In order to tell them about our search of the barn, I had to tell them about the day we discovered it in the first place. Though I kept my voice down and tried not to draw any attention from the nursing staff as they puttered around the ward tending to the other patients, Alex let out a gasp when I got to the part about Elizabeth, George, and I being used as targets. The nurse two beds away looked up, shooting us a glare as she tucked the sheet around the empty mattress with military precision.
“Are you two crazy? You could have been killed!” Archie hissed when I was finished. But he looked thrilled.
“That’s what I’ve been telling her!”
“George, you worry too much.” I picked up the two of clubs he’d just discarded, adding it to the pair of twos already in my hand. Fanning them out on the bed, I discarded my last card. “You’re starting to sound like Elizabeth.”
As we tallied up points, Archie demanded more details on our findings. He’d already heard about the previous day’s adventure from his sister, but was eager to find out more.
When George, Alexandra and I were done with the tale, Archie shook his head. We were done playing, but he still shuffled the cards thoughtfully, an old habit. “Wow. If you keep this up, Dru, the police will have to turn the case over to you completely. Maybe Chief French will deputize you.”
“Don’t tease,” I said, nudging him gently.
“No, really. I think the cops were more interested in busting up the party than in catching the bootleggers who made me sick.”
My brow furrowed. “The cops showed up at the party?”
“Yeah. That’s why Officer O’Neil was here the other day. Some neighbor called the pigs on us. I only just got to my car in time. I thought for sure they were going to arrest me, but I managed to get away.”
“So then O’Neil was here to question you about the party, not the liquor?”
Archie nodded. “He said he thought I’d been punished enough, so he wouldn’t take me in. I think he thought I was just a kid.” He grinned wickedly.
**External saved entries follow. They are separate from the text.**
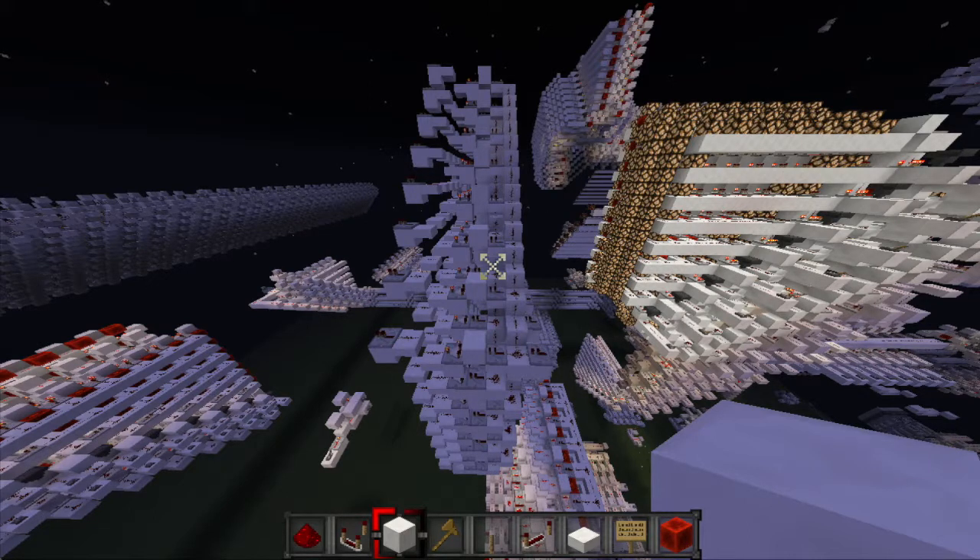This means that for each bit, we can shift the number as many times as that bit tells us to, so that after the number travels through all of the bit shifters, it will be completely shifted.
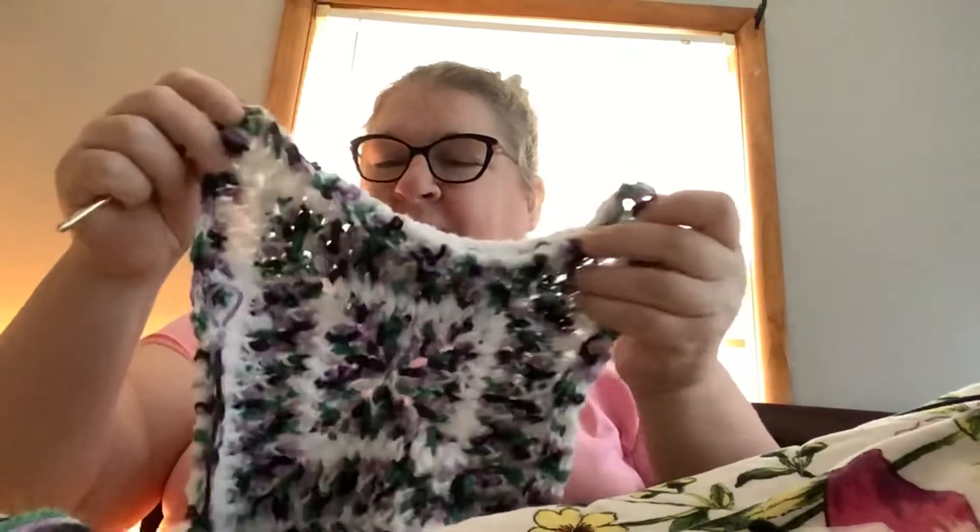Last night I worked on the Count Dracula square. What I've got left is just the border - right now it's kind of folding in on itself, but it won't once I get that border done. I'm doing a single crochet border and then that'll complete the square. Later on I'm going to hot glue the character to the middle of each square. There'll be nine squares, each with a different Sesame Street character hot glued into the middle.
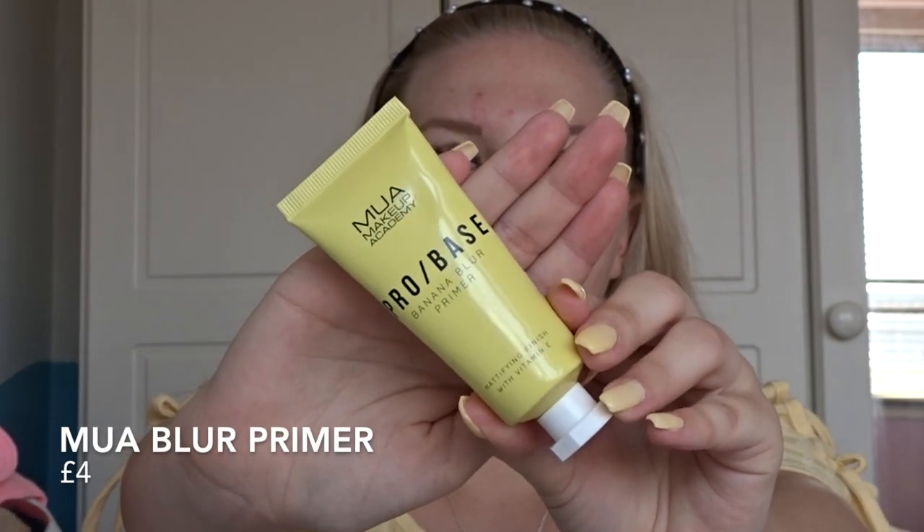We're going to get straight into it, starting with primer. I've already dropped something after barely three minutes filming! As you would have seen in my full face of MUA Cosmetics video, I picked up the Probase Banana Blur Primer, and we're going to be using this today because I really enjoyed it. I actually don't really like the scent of it, but that's the primer on.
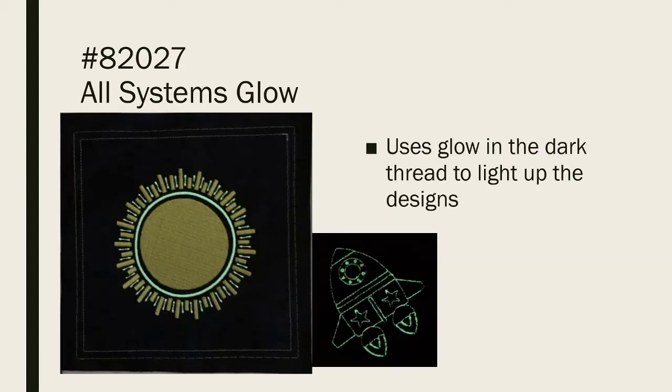So this is All Systems Glow. It uses Mettler Polyglow thread — I love this thread. It normally sews in white and then it glows in the dark. The sun is the center of my quilt block, and I also did some bibs that were terrycloth with some line designs from the collection. That didn't work as well as I'd like because the stitches sank too much into the terrycloth once it was washed. Probably satin stitches would have worked better. But I'm really enjoying this collection.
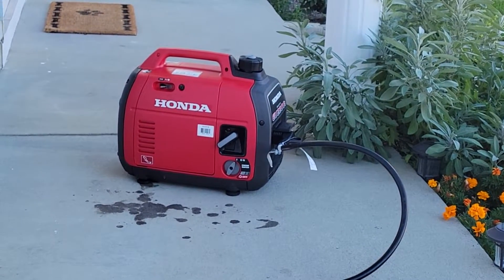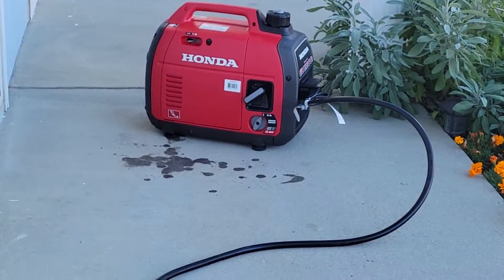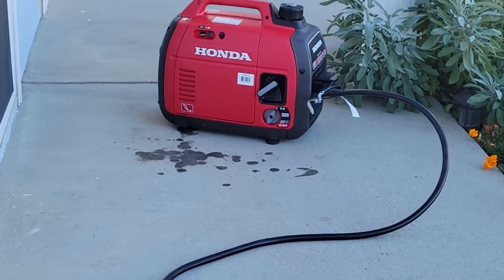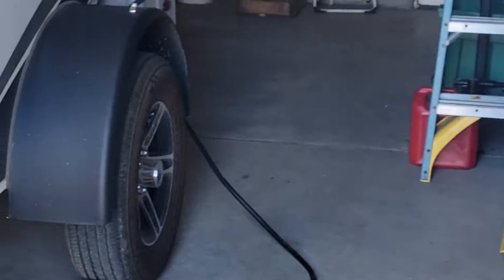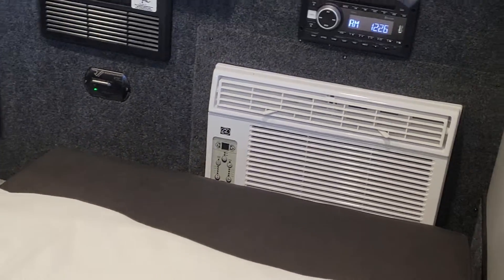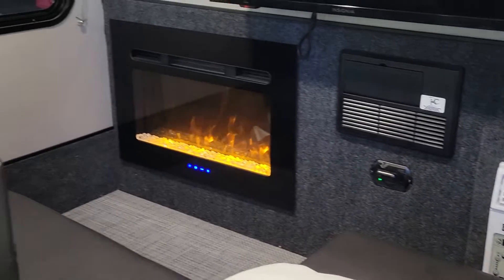I got the new generator running for the Luna. As you can see, I need to be a little better at adding oil. But stepping in here, I already tried out the air conditioner — it works just great.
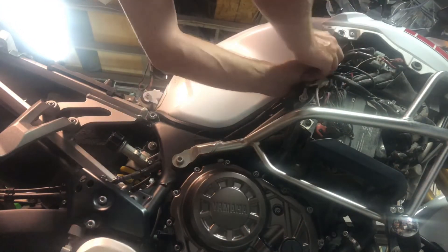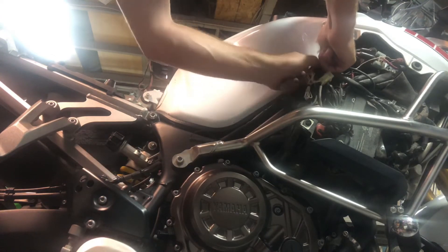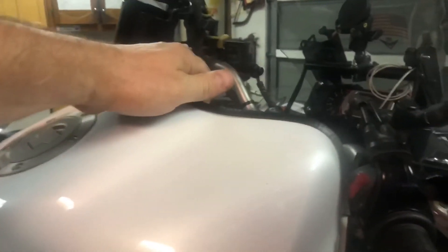I need to unplug that relay — if I leave it on there it'll rip the wiring right off, so I'll unplug it. There we go. Now here's the air box right here. I should be able to get to this without removing the tank, but if I have to, it's not all that hard — just a couple of plugs. I'll prop the tank up and figure out how to hold it. Once you get the tank up, your air box is right underneath here.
Where his sister had a sleek, mature look that could make her seem years older, Archie still had a baby face and was frequently mistaken for someone in high school, even though he would be starting his second year of college in the fall.
“You haven’t heard of anyone else from the party getting sick, have you?”
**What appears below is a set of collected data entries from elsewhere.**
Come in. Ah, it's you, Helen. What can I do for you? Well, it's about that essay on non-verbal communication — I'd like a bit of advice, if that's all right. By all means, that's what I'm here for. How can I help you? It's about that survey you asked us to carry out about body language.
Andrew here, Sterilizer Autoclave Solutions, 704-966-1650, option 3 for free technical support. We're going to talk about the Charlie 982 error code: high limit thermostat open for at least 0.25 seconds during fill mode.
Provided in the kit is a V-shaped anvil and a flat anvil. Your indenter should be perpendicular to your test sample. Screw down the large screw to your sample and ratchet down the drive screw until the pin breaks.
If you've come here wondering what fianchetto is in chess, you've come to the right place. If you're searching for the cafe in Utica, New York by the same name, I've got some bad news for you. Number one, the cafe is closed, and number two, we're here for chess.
“That officer said two other people were taken to the hospital, but I don’t know who. To be honest, I didn’t know many people there. I heard about the party from a friend of a friend; we were sort of crashing when we showed up.”
“What about Mr. White? Did the officer say anything about him?”
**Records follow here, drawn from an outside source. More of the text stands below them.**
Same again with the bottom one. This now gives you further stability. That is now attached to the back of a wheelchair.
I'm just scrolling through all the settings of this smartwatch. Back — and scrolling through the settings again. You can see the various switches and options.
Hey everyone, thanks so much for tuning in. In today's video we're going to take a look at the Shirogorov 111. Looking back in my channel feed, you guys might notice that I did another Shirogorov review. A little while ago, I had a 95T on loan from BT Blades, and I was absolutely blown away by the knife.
“Was he arrested?” Howard White was probably the one who bought the liquor in the first place. He would know where it came from, or at least he would know someone who would.
“He didn’t say.”
I pondered that for several moments. Mrs. White certainly hadn’t acted as if her husband had just been hauled off by the police. In fact, I suspected she would have been arrested as well, if that were the case. “And he didn’t say anything about taking you in? Not even for formal questioning?”
Archie shook his head. “No. He said he was just here as a favor to your ma. Why? Are thinking of telling him to arrest me?”
“What are you thinking, Dru?” Alexandra asked. Her eyes bounced from her brother to me and back like she was watching a tennis match.
“Just that something doesn’t add up. George, are you going straight home after this?”
A little caught off guard at suddenly being addressed, George nodded.
“Would you mind dropping me off at the police station on the way?